My favorite toy when I was a child was the Soma Cube. Ostensibly the puzzle is to take the seven pieces and form a cube, but my Soma came with a booklet that displayed dozens of other 3d shapes to make, and I spent many hours trying to solve them all.
Puzzles like the Soma (or books like these or games like these) had a greater influence on me then any school math class. With the holiday gift giving approaching, I surveyed some of my MC2 friends to see what other toys or games they remembered from their childhoods.
Julienne Au was full of suggestions. Like me, she loves spirographs. This wikipedia entry gives the mathematical underpinnings of spirographs; I’m reminded of the pre-Copernican model of the motion of the planets, as described in Kuhn’s “Copernican Revolution,” which I highly recommend!

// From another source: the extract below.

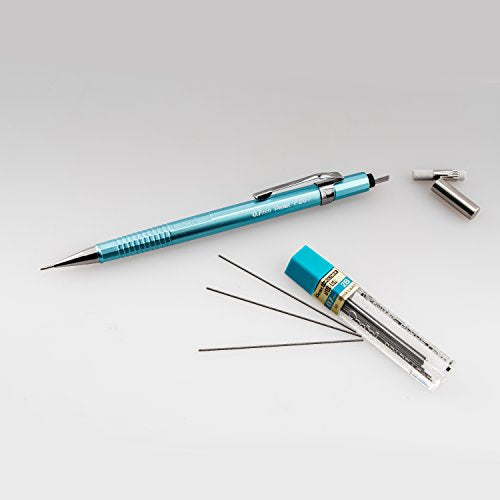 Pentel Sharp Mechanical Pencil (0.7mm) Metallic Sky Blue Barrel, Box of 12 (P207MS)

Ms. Au’s favorite puzzle is Izzi, another classic like the Soma Cube. She also likes 24, Chocolate Fix (which we played at our Julia Robinson Math Festival in June), and modular origami–here, you fold several pieces of paper each into a ‘unit’, and then combine the units into a larger model. When I first started teaching I was introduced to this technique through the work of Tomoko Fuse–check out this tutorial based on Fuse’s work. Used copies of Fuse’s “Unit Origami: Multidimensional Transformations” can be picked up cheap!
Matt Moran went with a classic–Connect 4. This game has been solved, although with 4,531,985,219,092 game positions I doubt this will influence your own game play. And finally, PJ Karafiol suggested Meta-Forms–like Chocolate Fix or the ever popular Traffic Jam puzzle, Meta-Forms start out easy but get progressively harder.
We at MC2 are looking forward to seeing you in January. In the mean time, play with some mathematical toys, games, and books, and give the gift of math!